Leopold, 56, said he has already gone door to door to determine how well he is known among voters in counties besides his own. He said the results were encouraging in Baltimore County, but not in Prince George's.

A challenge to Sarbanes would be a struggle for Leopold or any other Republican -- especially after the Democrats flexed their voter-turnout muscle so effectively in the 1998 gubernatorial election. The professorial incumbent, who always seems to look vulnerable in non-election years, has a track record of bouncing back every six years.

But the Anne Arundel Republican, who characterizes himself as "a common-sense, pragmatic conservative," sounded eager to take on Sarbanes. "The incumbent's been there for 24 years, and that's a long time," Leopold said.

Democrats start jockeying for majority whip position

Still seem a little early to be talking presidential politics? Then you'll be flabbergasted by the current intrigue on Capitol Hill.

A trio of Democrats, including Southern Maryland Rep. Steny H. Hoyer, are already off and running for majority whip, third-highest House position.

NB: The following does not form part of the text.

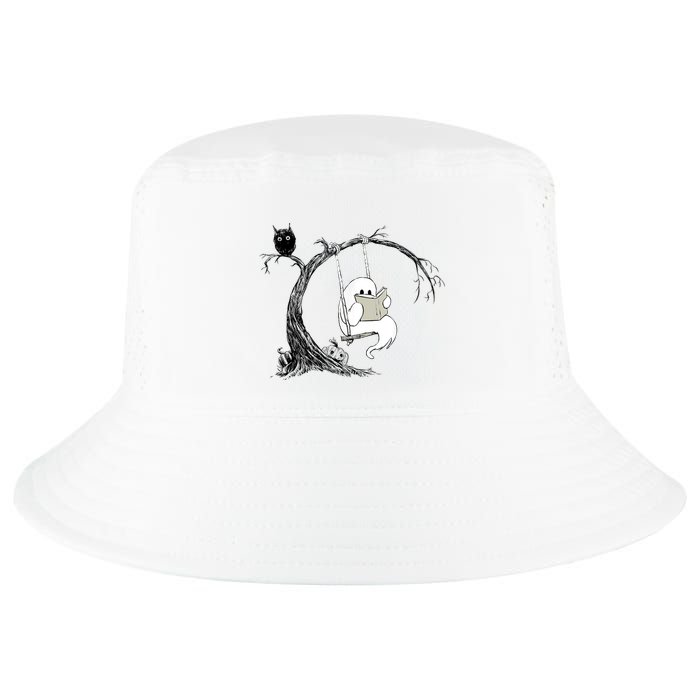 Cute Ghost Swinging Reading Book Halloween Ghost Costume Cool Comfort Performance Bucket Hat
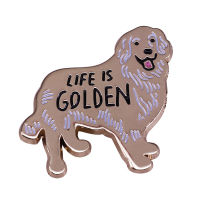 Cute Golden Retriever Hard Enamel Pins Funny Life Is Golden" Happy Dog Lovers Decor Metal Cartoon Brooch Backpack Lapel Badges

Two hitches: the job is not scheduled to be up for grabs until after the November 2000 elections, and there is no guarantee that the Democrats (who currently have 10 fewer seats than the Republicans) will retake the House next year. If the Democrats do not win control, House Minority Whip David E. Bonior of Michigan is expected to retain his leadership post.

Nonetheless, Hoyer, California Rep. Nancy Pelosi, and Georgia Rep. John Lewis are all seeking the job.

Both men blame Pelosi, daughter of former Baltimore Mayor Thomas D'Alesandro Jr., for the early start to the race. She's making no apologies: She has held a series of Washington dinners at which she sought the support of colleagues.

While Lewis has asked his rivals to hold off running for the seat, Hoyer refuses to leave the field to Pelosi. Instead, Hoyer plans to meet one on one with Democratic lawmakers to press his cause. And this month he is traveling around the country, raising money for colleagues and grooming Democratic candidates.

Road leads Winstead back to Annapolis

David L. Winstead, who was unceremoniously bounced as Gov. Parris N. Glendening's transportation secretary in January, has found a road back to Annapolis. He has been hired by the Rockville City Council to lobby the General Assembly for road money next session. The council set aside $30,000 for his services.

Glendening replaced Winstead with John D. Porcari, the department's second in command. Winstead, a Bethesda resident, returned to his Washington law firm to head the government affairs department.

Winstead applied for the Rockville job in February, when the state's third-largest city put out a request for bids.